# CPU Fan for I9 10900k - Noctua or be Quiet



## Arrowbender (Aug 21, 2021)

I am building a new pc with Intel I9 10900k and Gigabyte z590 vision D. I originally wanted to go with Noctua nh-d15 but it is not compatible with the mother board. So I decided to go with nh-d15s which is compatible. But now I am wondering if be quiet dark rock pro 4 would be better suited for my setup. Any advice is appreciated. Thank you !!


----------



## Audio Birdi (Aug 21, 2021)

Both will work fine for your system, NH-D15 looks like the winner according to this video, I've also put the time at the synopsis section of it :


I hope this helps!


----------



## widescreen (Aug 21, 2021)

Arrowbender said:


> I am building a new pc with Intel I9 10900k and Gigabyte z590 vision D. I originally wanted to go with Noctua nh-d15 but it is not compatible with the mother board. So I decided to go with nh-d15s which is compatible. But now I am wondering if be quiet dark rock pro 4 would be better suited for my setup. Any advice is appreciated. Thank you !!

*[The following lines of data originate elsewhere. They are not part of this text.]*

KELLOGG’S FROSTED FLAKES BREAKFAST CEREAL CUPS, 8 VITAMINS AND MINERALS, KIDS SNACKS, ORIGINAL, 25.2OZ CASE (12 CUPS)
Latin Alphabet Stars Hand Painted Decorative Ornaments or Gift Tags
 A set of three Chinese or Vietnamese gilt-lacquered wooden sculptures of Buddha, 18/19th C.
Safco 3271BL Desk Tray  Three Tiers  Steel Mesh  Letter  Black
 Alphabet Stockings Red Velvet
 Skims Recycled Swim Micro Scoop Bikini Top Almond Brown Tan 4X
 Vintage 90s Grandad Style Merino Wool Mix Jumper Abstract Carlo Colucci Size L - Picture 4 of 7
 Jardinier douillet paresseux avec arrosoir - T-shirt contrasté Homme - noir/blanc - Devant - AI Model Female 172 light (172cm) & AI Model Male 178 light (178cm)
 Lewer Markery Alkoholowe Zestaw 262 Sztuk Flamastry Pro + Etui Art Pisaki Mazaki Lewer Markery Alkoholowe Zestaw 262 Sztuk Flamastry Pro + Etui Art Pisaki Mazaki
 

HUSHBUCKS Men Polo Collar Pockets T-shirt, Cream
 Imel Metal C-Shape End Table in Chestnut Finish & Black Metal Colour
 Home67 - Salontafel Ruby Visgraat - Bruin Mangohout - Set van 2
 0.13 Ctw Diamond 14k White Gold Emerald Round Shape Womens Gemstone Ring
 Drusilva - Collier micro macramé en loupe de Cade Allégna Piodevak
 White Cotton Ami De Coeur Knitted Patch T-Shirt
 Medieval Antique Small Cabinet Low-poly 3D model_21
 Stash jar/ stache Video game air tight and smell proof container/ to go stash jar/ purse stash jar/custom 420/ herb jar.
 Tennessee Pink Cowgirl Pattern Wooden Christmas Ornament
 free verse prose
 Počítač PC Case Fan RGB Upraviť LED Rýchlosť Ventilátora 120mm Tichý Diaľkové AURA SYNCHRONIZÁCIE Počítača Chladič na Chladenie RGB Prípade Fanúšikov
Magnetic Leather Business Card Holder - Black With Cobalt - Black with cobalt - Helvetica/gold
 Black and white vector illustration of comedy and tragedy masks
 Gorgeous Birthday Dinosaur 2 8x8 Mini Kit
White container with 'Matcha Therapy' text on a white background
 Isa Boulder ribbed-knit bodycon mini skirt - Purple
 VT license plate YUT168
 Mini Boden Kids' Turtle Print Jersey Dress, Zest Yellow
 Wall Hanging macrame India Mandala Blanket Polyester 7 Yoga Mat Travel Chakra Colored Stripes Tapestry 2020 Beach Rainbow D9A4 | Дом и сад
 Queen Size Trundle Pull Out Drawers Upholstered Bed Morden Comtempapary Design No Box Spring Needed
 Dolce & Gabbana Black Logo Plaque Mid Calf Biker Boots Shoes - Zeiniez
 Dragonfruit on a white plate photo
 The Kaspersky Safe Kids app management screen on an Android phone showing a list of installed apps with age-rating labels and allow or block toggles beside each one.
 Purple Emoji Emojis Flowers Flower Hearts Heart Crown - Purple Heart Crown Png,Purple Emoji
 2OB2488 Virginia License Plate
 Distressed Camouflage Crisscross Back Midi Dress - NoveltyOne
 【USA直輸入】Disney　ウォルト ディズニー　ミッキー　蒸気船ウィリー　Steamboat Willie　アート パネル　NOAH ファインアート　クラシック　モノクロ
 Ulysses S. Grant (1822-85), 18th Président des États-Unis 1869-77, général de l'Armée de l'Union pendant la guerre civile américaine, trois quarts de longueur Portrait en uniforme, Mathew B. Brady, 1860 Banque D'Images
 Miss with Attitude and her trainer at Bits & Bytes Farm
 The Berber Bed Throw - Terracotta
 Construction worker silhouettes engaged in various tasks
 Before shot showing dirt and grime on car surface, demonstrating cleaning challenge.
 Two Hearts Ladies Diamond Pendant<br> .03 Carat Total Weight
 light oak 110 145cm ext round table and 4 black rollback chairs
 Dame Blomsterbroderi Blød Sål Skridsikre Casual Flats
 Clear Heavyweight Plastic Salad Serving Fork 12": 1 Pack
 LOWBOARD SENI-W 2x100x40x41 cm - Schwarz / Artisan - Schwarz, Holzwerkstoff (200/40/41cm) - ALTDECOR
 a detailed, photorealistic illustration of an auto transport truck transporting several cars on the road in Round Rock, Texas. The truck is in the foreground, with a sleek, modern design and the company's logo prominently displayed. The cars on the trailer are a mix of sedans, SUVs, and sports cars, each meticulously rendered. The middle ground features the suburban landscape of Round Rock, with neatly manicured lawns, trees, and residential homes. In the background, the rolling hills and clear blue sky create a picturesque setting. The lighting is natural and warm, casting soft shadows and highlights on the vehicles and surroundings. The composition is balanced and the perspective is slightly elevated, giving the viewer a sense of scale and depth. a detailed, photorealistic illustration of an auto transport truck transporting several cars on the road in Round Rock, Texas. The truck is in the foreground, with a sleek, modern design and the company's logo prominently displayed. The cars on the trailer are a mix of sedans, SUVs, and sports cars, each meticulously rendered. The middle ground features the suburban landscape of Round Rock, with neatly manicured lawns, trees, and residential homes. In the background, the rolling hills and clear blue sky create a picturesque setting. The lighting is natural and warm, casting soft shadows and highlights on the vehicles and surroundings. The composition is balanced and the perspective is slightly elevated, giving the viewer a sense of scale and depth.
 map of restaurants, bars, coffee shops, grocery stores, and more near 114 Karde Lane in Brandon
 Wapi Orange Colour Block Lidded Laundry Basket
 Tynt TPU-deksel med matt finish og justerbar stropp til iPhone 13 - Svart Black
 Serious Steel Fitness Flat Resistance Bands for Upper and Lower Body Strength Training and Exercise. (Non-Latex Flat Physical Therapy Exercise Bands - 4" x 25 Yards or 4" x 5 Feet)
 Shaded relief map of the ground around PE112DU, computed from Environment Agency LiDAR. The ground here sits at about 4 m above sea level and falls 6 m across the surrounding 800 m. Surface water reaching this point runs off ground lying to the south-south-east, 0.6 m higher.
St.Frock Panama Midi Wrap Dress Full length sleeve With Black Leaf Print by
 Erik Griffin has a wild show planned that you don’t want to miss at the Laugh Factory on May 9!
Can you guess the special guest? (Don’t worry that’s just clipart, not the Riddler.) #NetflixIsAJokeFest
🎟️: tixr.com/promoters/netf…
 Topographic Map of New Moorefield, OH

Have a look on Scythe. Bought for a 4th Gen Intel still working perfectly on an 11th Gen.


----------



## typewriter (Aug 21, 2021)

Take the Noctua - they are the best not only with cooling but with the mounting system of their coolers. Very easy and fast to set it up.


----------



## Arrowbender (Aug 21, 2021)

Audio Birdi said:


> Both will work fine for your system, NH-D15 looks like the winner according to this video, I've also put the time at the synopsis section of it :
> 
> 
> I hope this helps!



Thank you for the video. But it seems like it is talking about NH-15 and not NH-D15S. I thought both were different.


----------



## Kent (Aug 21, 2021)

https://vi-control.net/community/th...a-hackintosh-build-journal.96309/post-4676930


----------



## Mr Greg G (Aug 21, 2021)

The NHD15 is so efficient it's regularly put against water cooling systems for benchmarks. Check:


----------



## Arrowbender (Aug 21, 2021)

Mr Pringles said:


> The NHD15 is so efficient it's regularly put against water cooling systems for benchmarks. Check:



Hi the video seems to be talking about NH-D15 not NH-D15S, which is what I will be using. Do you think there will be a difference in performance ?


----------



## Kent (Aug 21, 2021)

Did you read my link? The S + 12x25 works the same


----------



## Pictus (Aug 21, 2021)

Arrowbender said:


> Hi the video seems to be talking about NH-D15 not NH-D15*S*, which is what I will be using. Do you think there will be a difference in performance ?


Check this


But you can add a 120mm fan for the NH-D15*S.*


----------



## Arrowbender (Aug 21, 2021)

kmaster said:


> Did you read my link? The S + 12x25 works the same


Oh ok. I didn't understand at first.


----------



## Mr Greg G (Aug 21, 2021)

Arrowbender said:


> Hi the video seems to be talking about NH-D15 not NH-D15S, which is what I will be using. Do you think there will be a difference in performance ?


According to Noctua: https://noctua.at/en/whats-the-difference-between-nh-d15-and-nh-d15s



> Performance: While the base performance of the NH-D15 and NH-D15S heatsinks is identical, the dual fan configuration of the NH-D15 can provide 1-3°C better performance. Users who have sufficient room can also upgrade the NH-D15S with either a 120mm (e.g. NF-A12x25 PWM) or round 140mm (e.g. NF-A15 PWM) fan on the front fin stack in order to achieve the same performance levels as the NH-D15. The fan clips for installing a second fan are included with the NH-D15S.


----------



## Arrowbender (Aug 21, 2021)

Thank you everyone for the replies. I think I will go with Noctua nh-d15s along with nf-a12x25


----------



## nspaas (Aug 21, 2021)

Good choice!

I’ve done 4 builds so far with Noctuas. All have been cool and silent.


----------